Début 2019, les incertitudes sur la situation économique ont eu tendance à s’accentuer, sur le plan international (Brexit, guerre commerciale entre les Etats-Unis et la Chine) comme dans l’Hexagone.

En France, les mesures d’urgence économiques et sociales annoncées en décembre dernier suite à la crise des Gilets Jaunes se sont traduites par une progression assez vive du pouvoir d’achat. Pourtant, l’accélération de la consommation des ménages n’a pas été aussi marquée, les ménages restant prudents quant à la pérennité de leur pouvoir d’achat.

La suite de l’année semble suivre la même tendance. Le contexte international paraît moins porteur que l’an dernier et le commerce mondial continuerait de ralentir. La perspective d’un Brexit « dur » et celle d’une escalade protectionniste américaine ne sont pas à exclure.

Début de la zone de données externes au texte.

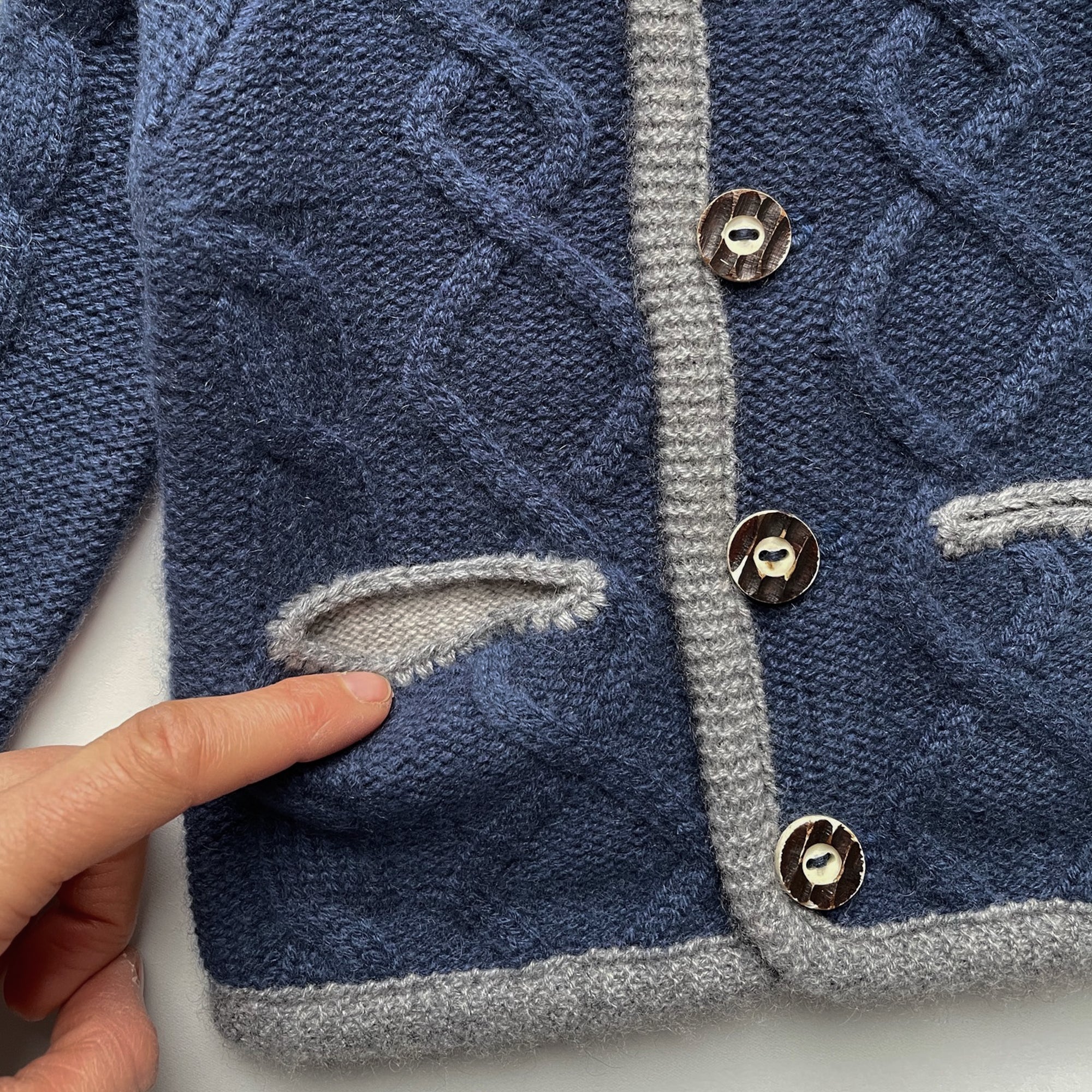 Trachten-Cardigan MAXI mit Aranmuster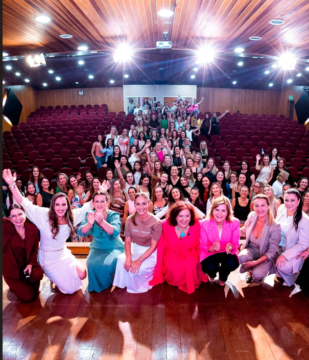 Mulheres participando do evento
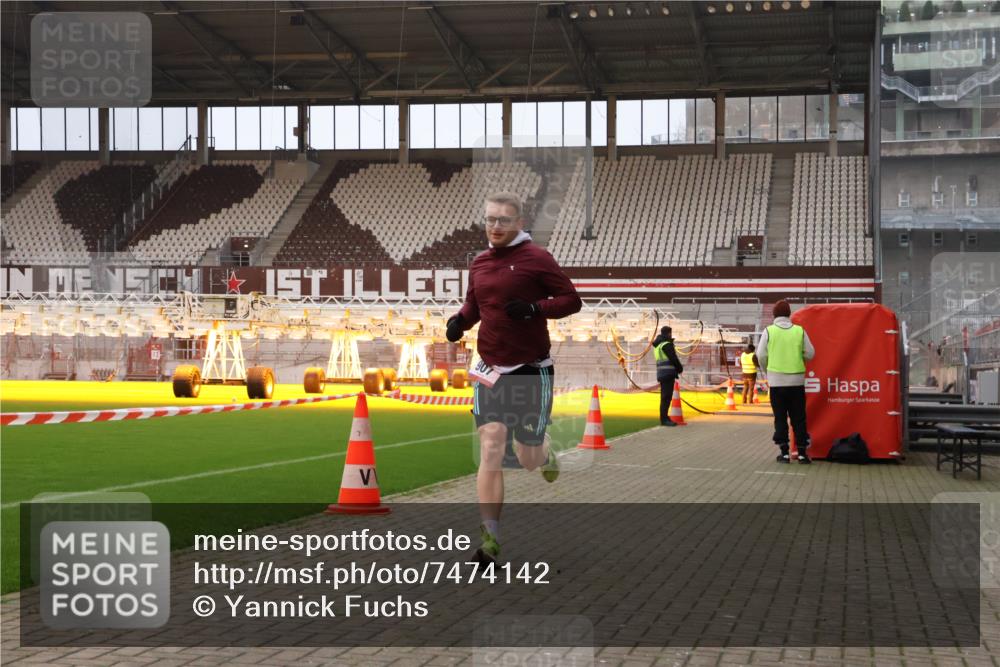 08.12.2024 - St. Pauli X-Mass-Run No. 14 Yannick Fuchs http://msf.ph/oto/7474142 08.12.2024 09:55:21 Ziel 691, 881, 907, 3300 meine-sportfotos.de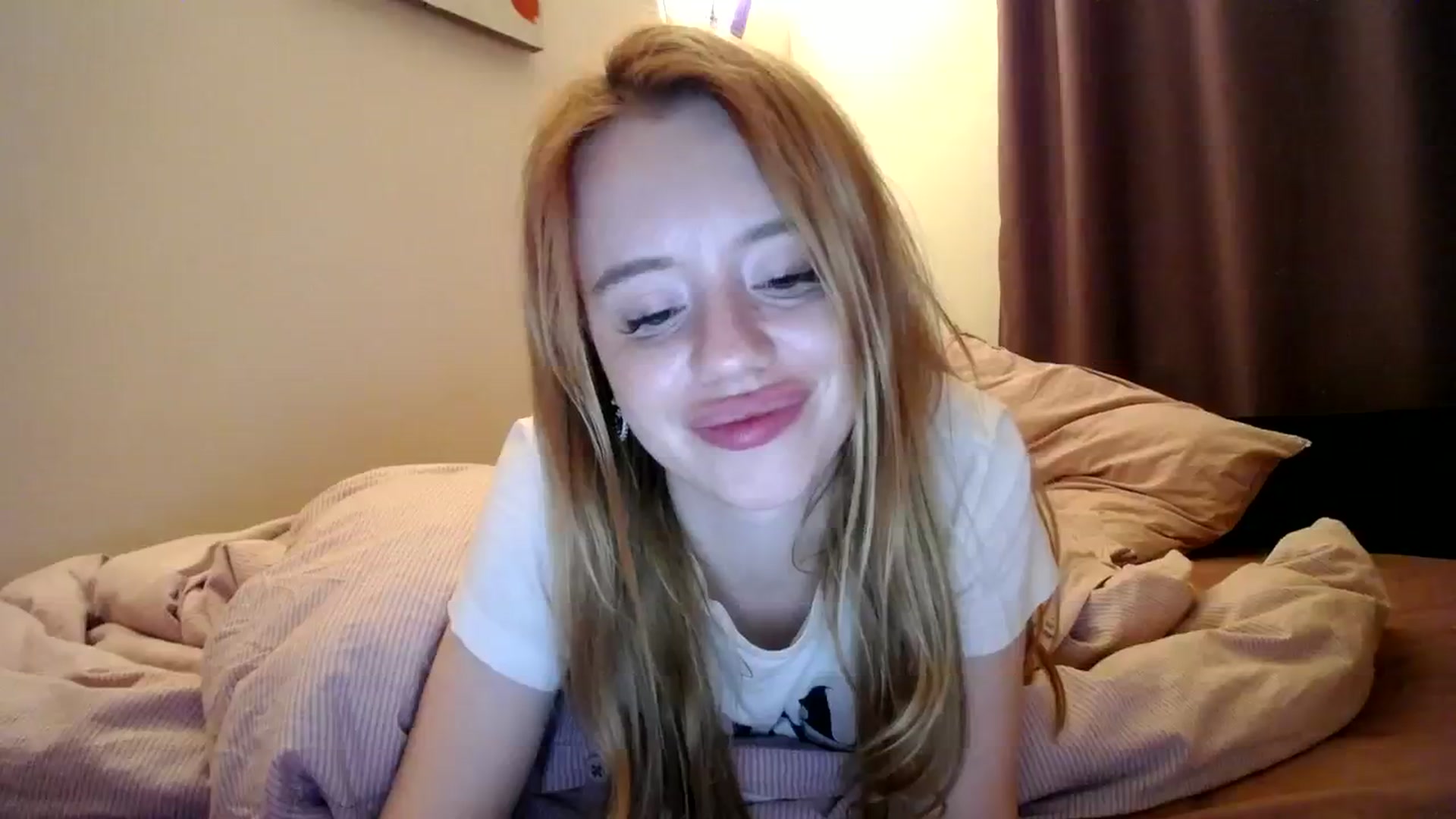 Gallery image thumbnail from Alena29's myfreecams stream on, 09/05/2023, 22:57 image 14 of 20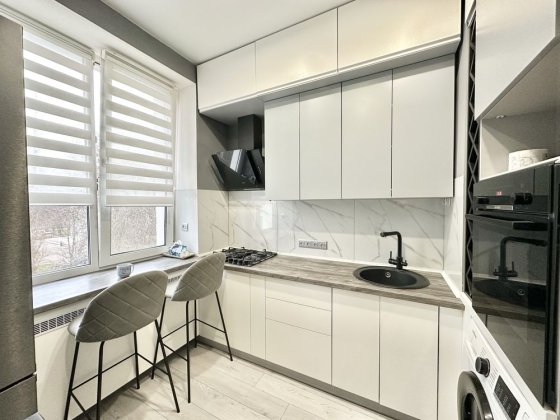 1-кімн кв з новим ремонтом світло 24/7 Запорожье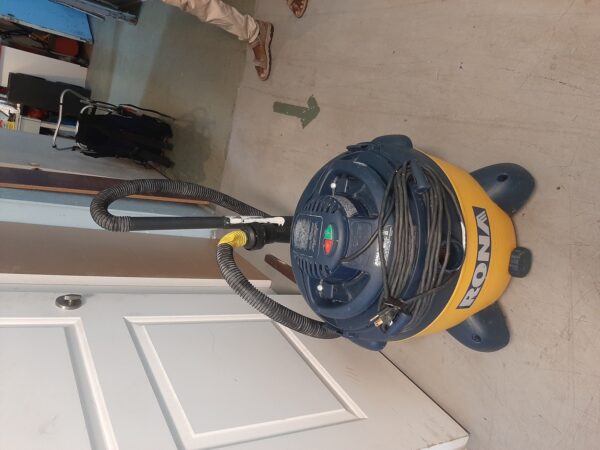 RONA 13 Gallons 6.5 Hp Portable Blower - Image 3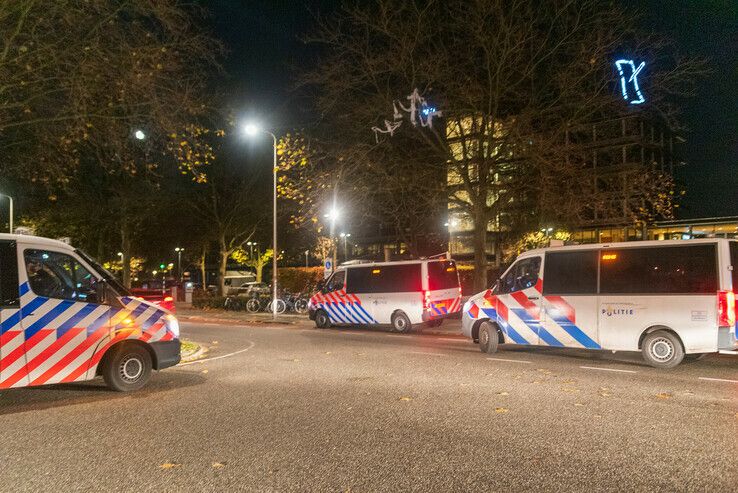 Zwolse binnenstad hermetisch afgesloten, zeker twee mensen aangehouden - Foto: Peter Denekamp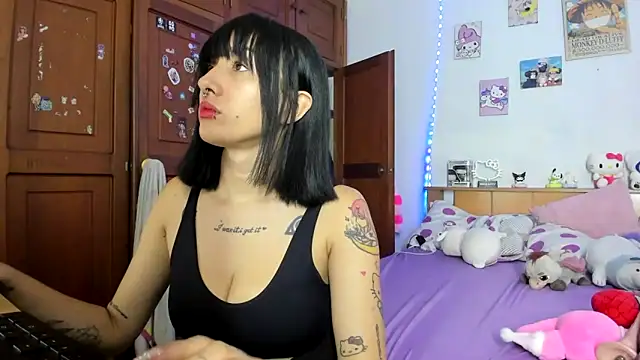 LunaDeCristall online show from September 2025 09:53:02 AM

Les banques centrales et les différents gouvernements ont néanmoins pris acte du risque de ralentissement et ajustent leur politique économique.

La Federal Reserve a ainsi interrompu la hausse de ses taux directeurs face aux doutes sur l’inflation et les salaires.

De son côté, l’économie chinoise résisterait, grâce à des mesures de soutien budgétaire et à une politique monétaire accommodante.

Début 2019, les principaux pays de la zone euro ont eux aussi mis en place des mesures de soutien budgétaire visant notamment à renforcer le pouvoir d’achat des ménages. Pour autant, même si la croissance de la zone euro a rassuré au premier trimestre (+0,4 %), la consommation des ménages n’a pas complètement suivi les gains de pouvoir d’achat : la France n’est pas le seul pays où le taux d’épargne des ménages a grimpé.

La zone euro connaîtrait d’ici la fin de l’année une croissance modérée, de l’ordre de 0,3 % par trimestre et de +1,2 % en moyenne annuelle.

En France, le climat des affaires ainsi que la confiance des ménages se sont redressés début 2019, après avoir touché un point bas en décembre 2018, au cœur de la crise sociale.

L’économie française conserverait, d’ici la fin 2019, un rythme de croissance de 0,3 % par trimestre, et 1,3 % en moyenne annuelle (contre 1,7 % en 2018 et 2,4 % en 2017).

Le taux d’épargne des ménages diminuerait progressivement, et la consommation des ménages gagnerait en vigueur, grâce à des revenus dynamiques et une inflation contenue (prévue à +1,4 % en décembre 2019).

L’investissement des entreprises resterait dynamique mais décélérerait toutefois quelque peu.

Ce rythme de croissance serait suffisant pour accentuer un peu le dynamisme des créations d’emploi (241 000 créations nettes prévues en 2019, après 182 000 en 2018). Dans un contexte de ralentissement tendanciel de la population active, le taux de chômage poursuivrait sa baisse pour s’établir à 8,3 % en fin d’année.